Android: Ducking Audio with TextToSpeech
The Android app I'm working on makes use of TextToSpeech. It's also very likely that the user is playing music in the background. In order for the music to not drown out the TTS output, we'll make use of audio ducking, a feature that's "new" as of API level 8 (Android 2.2).
The ingredients needed for this is an instance of the TextToSpeech class and the AudioManager.
In order to get spoken text, we use TextToSpeech.speak(String text, int mode, HashMap<String,String> params);
Now, in order to properly get any background music to duck when we start speaking, and raise the volume when we're done speaking, we'll need to know when the TTS is done blabbering. And for this, we can register a callback via TextToSpeech.setOnUtteranceCompletedListener(). There are, however, a few pitfalls that we'll need to watch out for:
- TextToSpeech.setOnUtteranceCompletedListener() MUST be invoked after onInit() was called. Otherwise it won't necessarily register properly, and onUtteranceCompleted() may never be called.
- When invoking TextToSpeech.speak(), we must provide an "Utterance ID" via the params HashMap using TextToSpeech.Engine.KEY_PARAM_UTTERANCE_ID. If there's no ID, onUtteranceCompleted() will not be invoked.
- Because it is possible to queue up more utterances via TextToSpeech.speak() before the previous one has completed, we'll need to track how many we've queued up, so we know to only release audio focus after all of them have been completed. Otherwise we've got a race condition where we queued up two things to speak, but lose focus after the first one has completed. The result is a mess where music will cut in and out while text is being spoken.
With this in mind, we'll create a wrapper class which will encapsulate this functionality.
public class DuckingTTS {
// Log tag
private final String TAG = DuckingTTS.class.getName();
// Debugging is on (set to false to cut down on spam)
private static final boolean D = false;
/**
* Which audio stream to use.
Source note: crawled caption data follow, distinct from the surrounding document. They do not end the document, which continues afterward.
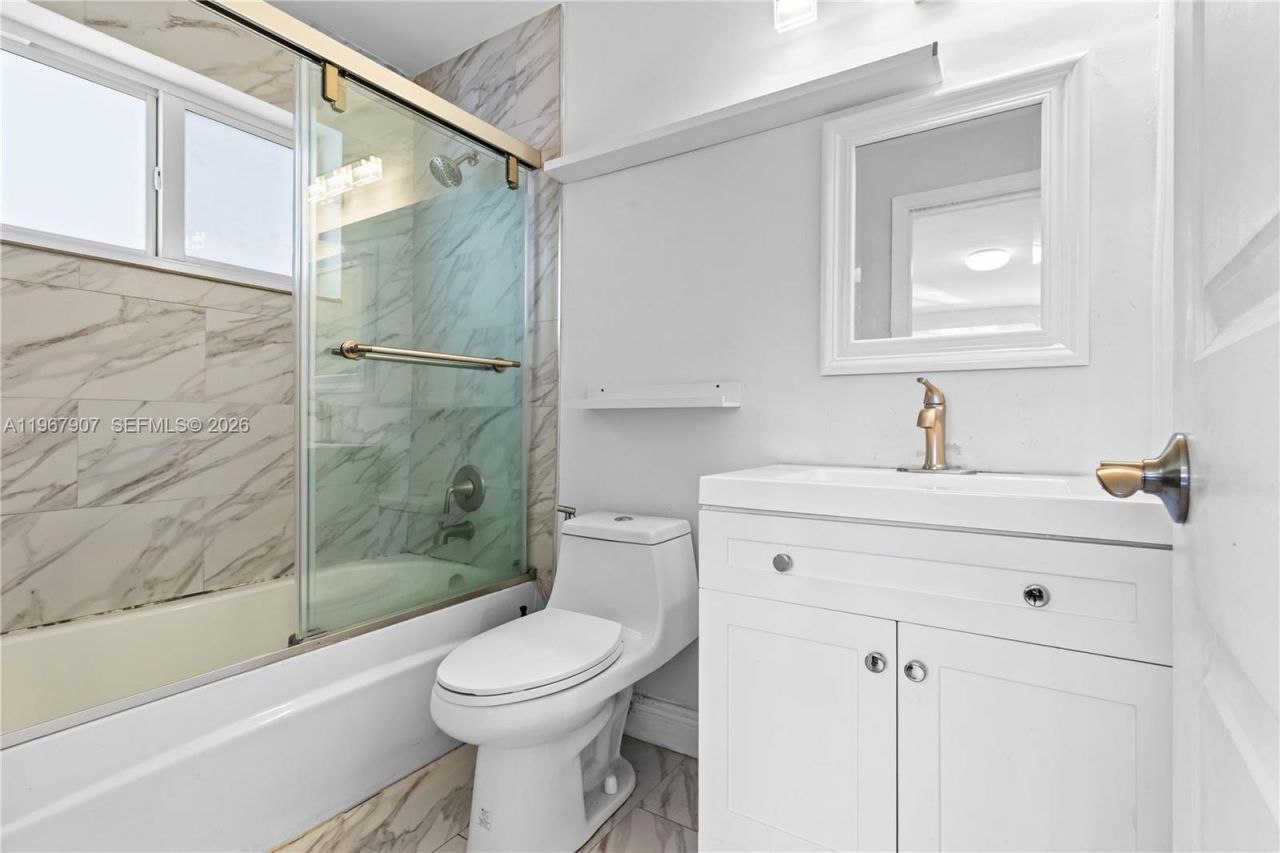 10360 SW 24th St , Miami, FL 33165 Photo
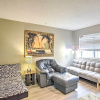 Отель Pet-friendly Dallas Townhome w/ Outdoor Grill, фото 13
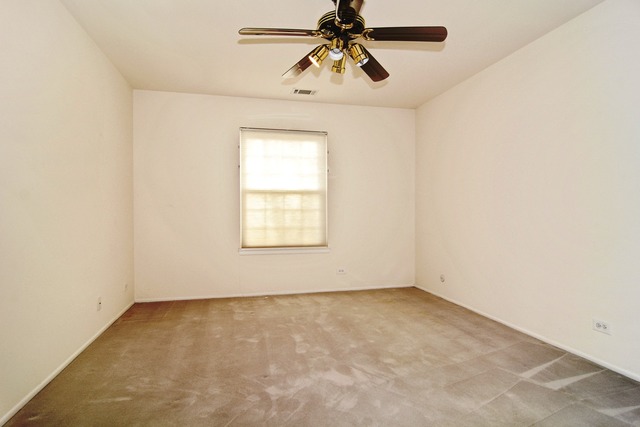 204 Maplebrook Court, Unit V2 Schaumburg, IL 60194 - Photo 7 of 13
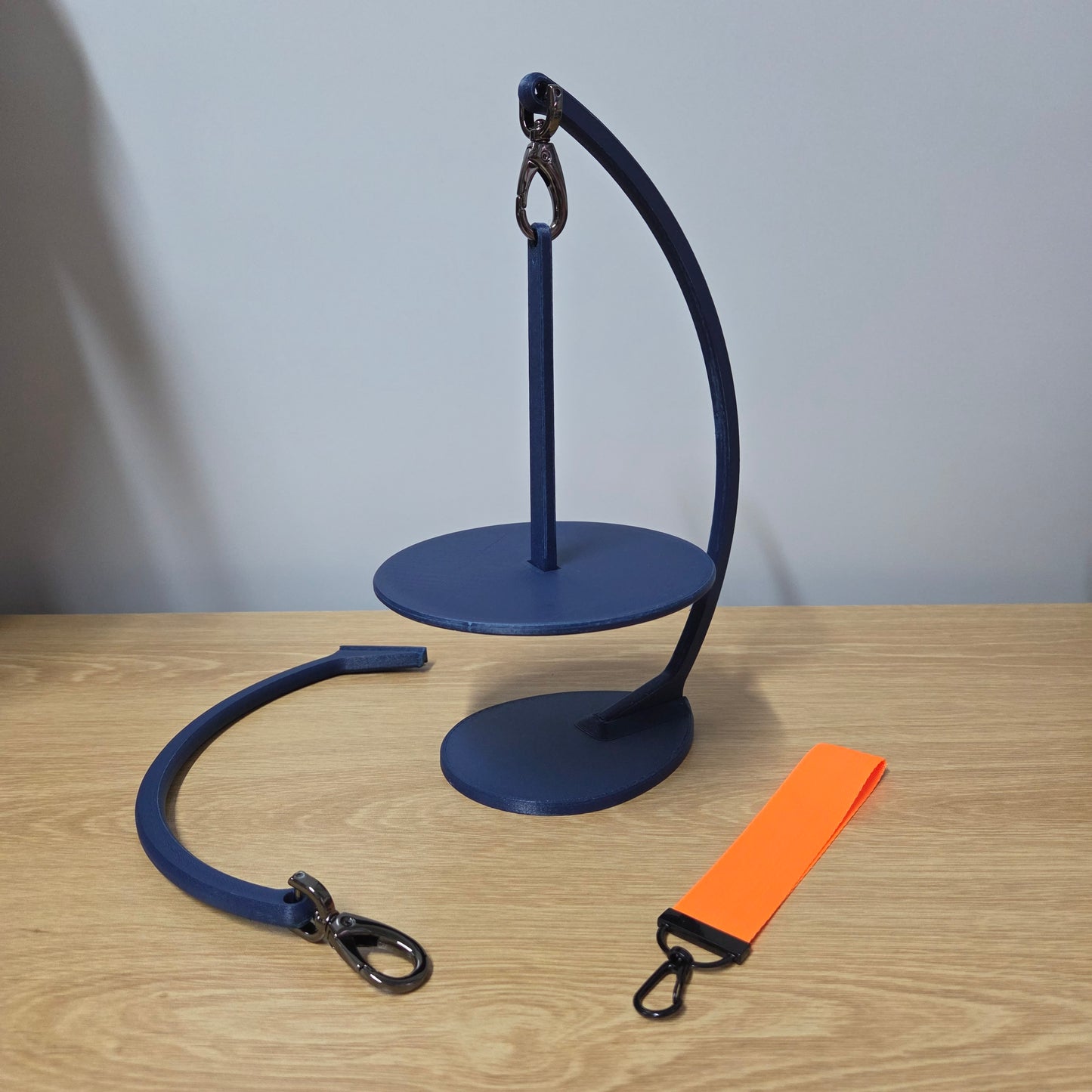 Two-in-One Yarn Holder
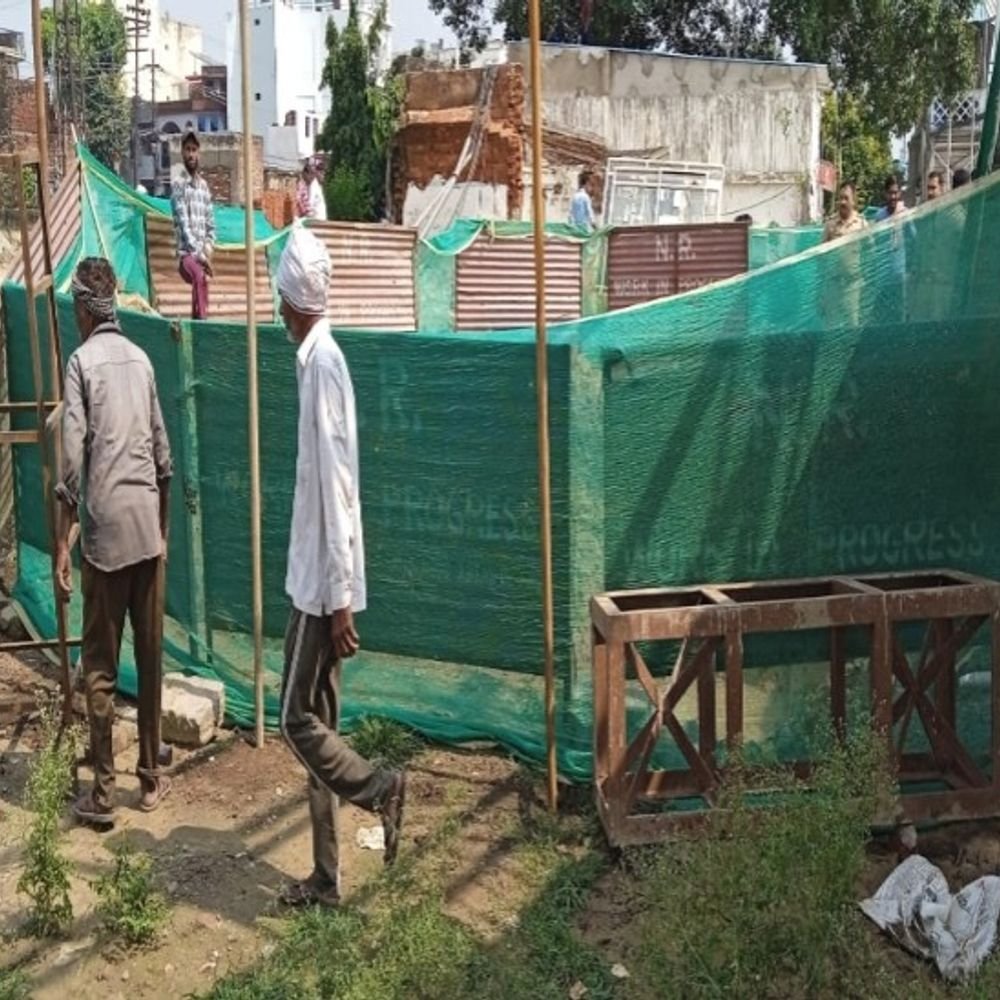 शाहजहांपुर रेलवे-स्टेशन पर गड्ढे में मिले शव-की नहीं हुई पहचान:सीसीटीवी में दिखा युवक फोन पर बात करते हुए गड्ढे में गिरा, जीआरपी तलाश कर रही मोबाइल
We use the music one here,
* so that it'll be "in line" with the music volume from whatever is playing.
*/
private final int STREAM_TYPE = AudioManager.STREAM_MUSIC;
/**
* Parameters we're feeding with each invocation of speak()
*/
private HashMap ttsParams;
/**
* How many utterances are playing at a particular moment.
*/
private int mUtterancesPlaying = 0;
/**
* The text-to-speech engine
*/
private TextToSpeech mTts;
/**
* Whether TTS is initialized (onInit() called yet?)
*/
private boolean mIsInitialized = false;
/**
* Queue up chatter when TTS is not initialized yet
*/
private List queue = new ArrayList();
/**
* AudioManager injected via RoboGuice
*/
@Inject
private AudioManager mAm;
/**
* Context will be injected via RoboGuice
* @param context
*/
@Inject
public DuckingTTS(Context context) {
ttsParams = new HashMap();
ttsParams.put(TextToSpeech.Engine.KEY_PARAM_STREAM, String.valueOf(STREAM_TYPE));
ttsParams.put(TextToSpeech.Engine.KEY_PARAM_UTTERANCE_ID, "ID");
mTts = new TextToSpeech(context, ttsOnInitListener);
mIsInitialized = false;
}
public boolean speak(String text) {
if (!mIsInitialized) {
if (D) Log.d(TAG, "speak(\"" + text + "\") - queued");
queue.add(text);
return false;
}
// Tell it to speak
if (D) Log.d(TAG, "speak(\"" + text + "\") - sending to TTS");
mTts.speak(text, TextToSpeech.QUEUE_ADD, ttsParams);
if (mAm == null) return true;
// if this is the first utterance (e.g. we're not already talking) then request audio focus w/ducking.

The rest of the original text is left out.